If you want to read more discussion on the topic, I wrote a somewhat controversial post on Reddit discussing why I think it might be a good idea.

Here's the implementation I will go through in this post: https://github.com/mortie/llvm/commit/e4726dc9d9d966978714fc3d85c6e9c335a38ab8 - 28 additions, including comments and whitespace, across 3 files.

Getting the Clang code

This wasn't my first time compiling Clang, but it was my first time downloading the source code with the intent to change it.

LLVM has a nice page which details getting and building Clang, but the tl;dr is:

git clone https://github.com/llvm/llvm-project.git
cd llvm-project && mkdir build && cd build
cmake -DCMAKE_INSTALL_PREFIX=`pwd`/inst -DLLVM_ENABLE_PROJECTS=clang -DCMAKE_BUILD_TYPE=Release ../llvm
make -j 8
make install

A few points to note:

The build will take a long time. Clang is big.
I prefer -DCMAKE_BUILD_TYPE=Release because it's way faster to build. Linking Clang with debug symbols and everything takes ages and will OOM your machine.
This will install your built clang to inst (short for "install"). The clang binary itself will be in inst/bin/clang.

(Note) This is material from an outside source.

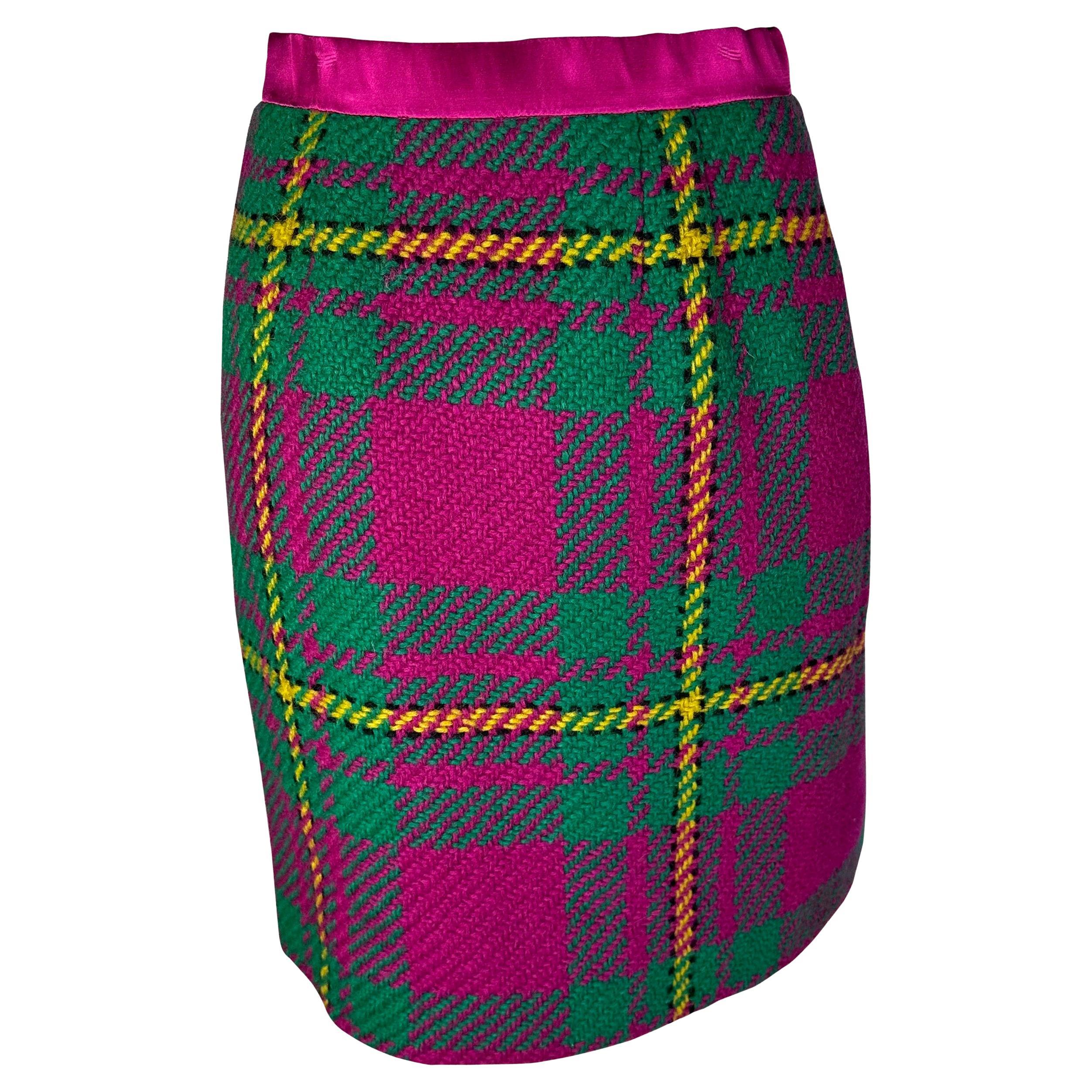 F/W 1991 Oscar de La Renta Runway Pink Green Tartan Fringe Wrap Pencil Skirt For Sale 2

Now that we have a clang setup, we can have a look at how the project is laid out, and play with it.

Changing the Clang code

The feature I want to add is very simple: Basically, I want [] => 10 to mean the exact same thing as [] { return 10; }. In order to understand how one would achieve that, an extremely short introduction to how compilers work is necessary:

Our code is just a sequence of bytes, like [] => 10 + 20. In order for Clang to make sense of that, it will go through many steps. We can basically divide a compiler into two parts: the "front-end", which goes through many steps to build a thorough understanding of the code as a tree structure, and the "back-end" which goes through many steps to remove information, eventually ending up with a simple series of bytes again, but this time as machine code instead of ASCII.

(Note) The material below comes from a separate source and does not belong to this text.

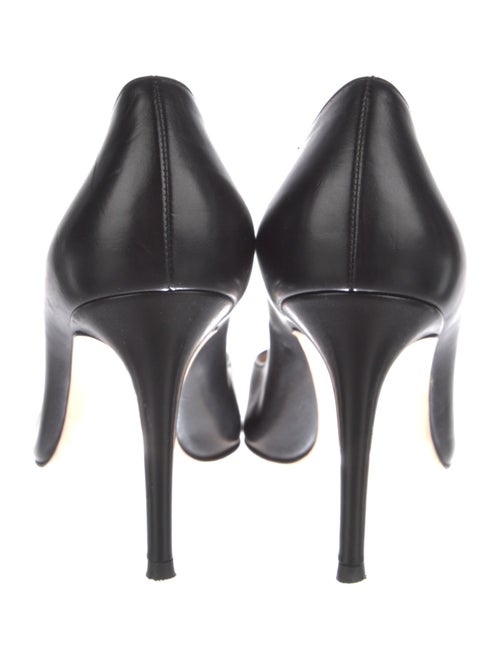 Gianvito Rossi Leather Pumps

We'll ignore the back-end for now. The front-end basically works like this:

Split the stream of bytes into a stream of tokens. This step turns [] => 10 + 20 into something like (open-bracket) (close-bracket) (fat-arrow) (number: 10) (plus) (number: 20).
Go through those tokens and construct a tree. This step turns the sequence of tokens into a tree: (lambda-expression (body (return-statement (add-expression (number 10) (number 20))))) (Yeah, this looks a lot like Lisp. There's a reason people say Lisp basically has no syntax; you're just writing out the syntax tree by hand.)
Add semantic information, such as types.

The first phase is usually called lexical analysis, or tokenization, or scanning. The second phase is what we call parsing. The third phase is usually called semantic analysis or type checking.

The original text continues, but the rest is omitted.